Your goal.
Every line of the material must come back exactly as given.

*** Source material ***

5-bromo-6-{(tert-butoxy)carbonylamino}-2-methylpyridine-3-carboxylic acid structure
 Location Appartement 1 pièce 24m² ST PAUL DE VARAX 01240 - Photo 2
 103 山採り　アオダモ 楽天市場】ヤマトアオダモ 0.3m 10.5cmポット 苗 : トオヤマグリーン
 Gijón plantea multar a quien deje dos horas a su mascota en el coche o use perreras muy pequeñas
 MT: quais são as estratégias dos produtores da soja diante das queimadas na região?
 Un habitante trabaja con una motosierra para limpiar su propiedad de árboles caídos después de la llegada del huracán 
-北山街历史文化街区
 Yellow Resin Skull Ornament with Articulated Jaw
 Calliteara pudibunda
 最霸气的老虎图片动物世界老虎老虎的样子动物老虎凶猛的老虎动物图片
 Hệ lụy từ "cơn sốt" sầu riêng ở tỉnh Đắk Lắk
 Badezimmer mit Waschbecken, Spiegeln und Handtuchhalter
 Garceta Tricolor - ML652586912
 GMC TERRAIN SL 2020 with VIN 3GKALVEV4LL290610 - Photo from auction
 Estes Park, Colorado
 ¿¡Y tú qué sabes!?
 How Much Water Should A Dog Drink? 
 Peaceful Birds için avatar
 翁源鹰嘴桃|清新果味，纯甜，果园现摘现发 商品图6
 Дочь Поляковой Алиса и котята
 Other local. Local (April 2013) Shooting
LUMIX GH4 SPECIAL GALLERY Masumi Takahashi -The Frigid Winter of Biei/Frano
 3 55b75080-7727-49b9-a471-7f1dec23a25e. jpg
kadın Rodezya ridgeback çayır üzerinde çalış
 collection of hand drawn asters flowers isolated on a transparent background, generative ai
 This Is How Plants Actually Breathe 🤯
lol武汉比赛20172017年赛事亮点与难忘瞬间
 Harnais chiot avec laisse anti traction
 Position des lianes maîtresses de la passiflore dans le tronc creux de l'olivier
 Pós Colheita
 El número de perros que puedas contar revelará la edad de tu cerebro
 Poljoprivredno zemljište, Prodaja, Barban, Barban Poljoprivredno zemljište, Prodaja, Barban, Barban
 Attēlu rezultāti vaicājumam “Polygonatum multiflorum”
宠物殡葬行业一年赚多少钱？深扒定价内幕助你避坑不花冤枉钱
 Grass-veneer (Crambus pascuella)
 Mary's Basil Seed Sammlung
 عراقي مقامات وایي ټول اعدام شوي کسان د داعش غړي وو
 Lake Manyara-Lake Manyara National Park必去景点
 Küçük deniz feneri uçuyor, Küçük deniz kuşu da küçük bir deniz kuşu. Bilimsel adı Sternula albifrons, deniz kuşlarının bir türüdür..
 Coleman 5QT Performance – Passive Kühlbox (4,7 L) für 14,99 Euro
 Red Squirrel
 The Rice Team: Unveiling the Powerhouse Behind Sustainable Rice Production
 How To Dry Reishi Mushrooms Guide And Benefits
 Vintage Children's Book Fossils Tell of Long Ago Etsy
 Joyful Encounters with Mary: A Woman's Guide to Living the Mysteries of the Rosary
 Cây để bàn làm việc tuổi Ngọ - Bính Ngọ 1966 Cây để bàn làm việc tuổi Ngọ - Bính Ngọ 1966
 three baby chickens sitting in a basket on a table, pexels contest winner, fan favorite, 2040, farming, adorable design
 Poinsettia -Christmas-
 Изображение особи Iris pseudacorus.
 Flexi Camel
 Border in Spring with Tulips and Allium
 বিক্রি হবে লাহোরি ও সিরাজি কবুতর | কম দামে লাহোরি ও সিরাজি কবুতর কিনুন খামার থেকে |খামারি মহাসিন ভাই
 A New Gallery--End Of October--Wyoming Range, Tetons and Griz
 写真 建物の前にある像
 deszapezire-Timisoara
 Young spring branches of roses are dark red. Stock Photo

***

Exercise result.
5-bromo-6-{(tert-butoxy)carbonylamino}-2-methylpyridine-3-carboxylic acid structure
 Location Appartement 1 pièce 24m² ST PAUL DE VARAX 01240 - Photo 2
 103 山採り　アオダモ 楽天市場】ヤマトアオダモ 0.3m 10.5cmポット 苗 : トオヤマグリーン
 Gijón plantea multar a quien deje dos horas a su mascota en el coche o use perreras muy pequeñas
 MT: quais são as estratégias dos produtores da soja diante das queimadas na região?
 Un habitante trabaja con una motosierra para limpiar su propiedad de árboles caídos después de la llegada del huracán 
-北山街历史文化街区
 Yellow Resin Skull Ornament with Articulated Jaw
 Calliteara pudibunda
 最霸气的老虎图片动物世界老虎老虎的样子动物老虎凶猛的老虎动物图片
 Hệ lụy từ "cơn sốt" sầu riêng ở tỉnh Đắk Lắk
 Badezimmer mit Waschbecken, Spiegeln und Handtuchhalter
 Garceta Tricolor - ML652586912
 GMC TERRAIN SL 2020 with VIN 3GKALVEV4LL290610 - Photo from auction
 Estes Park, Colorado
 ¿¡Y tú qué sabes!?
 How Much Water Should A Dog Drink? 
 Peaceful Birds için avatar
 翁源鹰嘴桃|清新果味，纯甜，果园现摘现发 商品图6
 Дочь Поляковой Алиса и котята
 Other local. Local (April 2013) Shooting
LUMIX GH4 SPECIAL GALLERY Masumi Takahashi -The Frigid Winter of Biei/Frano
 3 55b75080-7727-49b9-a471-7f1dec23a25e. jpg
kadın Rodezya ridgeback çayır üzerinde çalış
 collection of hand drawn asters flowers isolated on a transparent background, generative ai
 This Is How Plants Actually Breathe 🤯
lol武汉比赛20172017年赛事亮点与难忘瞬间
 Harnais chiot avec laisse anti traction
 Position des lianes maîtresses de la passiflore dans le tronc creux de l'olivier
 Pós Colheita
 El número de perros que puedas contar revelará la edad de tu cerebro
 Poljoprivredno zemljište, Prodaja, Barban, Barban Poljoprivredno zemljište, Prodaja, Barban, Barban
 Attēlu rezultāti vaicājumam “Polygonatum multiflorum”
宠物殡葬行业一年赚多少钱？深扒定价内幕助你避坑不花冤枉钱
 Grass-veneer (Crambus pascuella)
 Mary's Basil Seed Sammlung
 عراقي مقامات وایي ټول اعدام شوي کسان د داعش غړي وو
 Lake Manyara-Lake Manyara National Park必去景点
 Küçük deniz feneri uçuyor, Küçük deniz kuşu da küçük bir deniz kuşu. Bilimsel adı Sternula albifrons, deniz kuşlarının bir türüdür..
 Coleman 5QT Performance – Passive Kühlbox (4,7 L) für 14,99 Euro
 Red Squirrel
 The Rice Team: Unveiling the Powerhouse Behind Sustainable Rice Production
 How To Dry Reishi Mushrooms Guide And Benefits
 Vintage Children's Book Fossils Tell of Long Ago Etsy
 Joyful Encounters with Mary: A Woman's Guide to Living the Mysteries of the Rosary
 Cây để bàn làm việc tuổi Ngọ - Bính Ngọ 1966 Cây để bàn làm việc tuổi Ngọ - Bính Ngọ 1966
 three baby chickens sitting in a basket on a table, pexels contest winner, fan favorite, 2040, farming, adorable design
 Poinsettia -Christmas-
 Изображение особи Iris pseudacorus.
 Flexi Camel
 Border in Spring with Tulips and Allium
 বিক্রি হবে লাহোরি ও সিরাজি কবুতর | কম দামে লাহোরি ও সিরাজি কবুতর কিনুন খামার থেকে |খামারি মহাসিন ভাই
 A New Gallery--End Of October--Wyoming Range, Tetons and Griz
 写真 建物の前にある像
 deszapezire-Timisoara
 Young spring branches of roses are dark red. Stock Photo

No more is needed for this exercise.